Current law already demands to do that when cards are being run electronically. So, what is the innovation?
Lawmakers say that many businesses still use manual transfers and don't black out information that might be stolen by identity thieves.
If a thief has a credit card statement with an intact account number, it's not difficult to commit an identity theft. The law breaker can go online and buy practically anything that he or she wants.
It is also quite easy to order goods by telephone because the person doesn't have to provide any proof of identity or a signature. When identity theft of personal and banking information happens, the person committing the crime can exploit the whole limit of a credit card.

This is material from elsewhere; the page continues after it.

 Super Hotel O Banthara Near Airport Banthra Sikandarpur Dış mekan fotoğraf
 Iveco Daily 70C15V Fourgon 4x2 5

The above problem is serious not for Colorado citizens only, but for all U.S. citizens. The Federal Trade Commission estimates as many as 9 million Americans fall victim to identity theft each year. In Colorado alone there have been 2,660 reported victims of identity theft, with credit card fraud on the top of the list as the most frequent type of identity theft.
A new law will be an important step to prevent the credit card frauds. Senator Dan Gibbs, D-Silverthorne, says that these days there are still a lot of manual transfers in gas stations or smaller businesses. It takes only a second to black out all credit card numbers but the last four. Identity thieves looking for credit card statements that reveal another's personal information will not see anything. Dan Gibbs hopes that the new law will lead to fewer identity thefts.
Relying on the new rule, don't forget about personal measures to keep from an identity theft. The most important way is not to open your personal information to anyone. That includes your credit card numbers, PINs, your social security number, bank account numbers and other identifying information.
Then, do not forget to tear up or shred credit card receipts, bills and any other items with personal information before throwing them into garbage. Thieves often search in the trash. Applying online for a new credit card is safer than sending your application by e-mail.
Protect all credit card accounts that you can with a password. Do not use such commonly chosen words as birth dates or a child's or spouse's name for passwords.
Check your billing statements each month for fraudulent accounts and other information. If you stop receiving your mail on time, someone may be using a fraudulent change of your address. Call the creditors first and then the post office to see if your address has been changed.
These simple measures together with the administrative support will help to protect oneself from identity theft.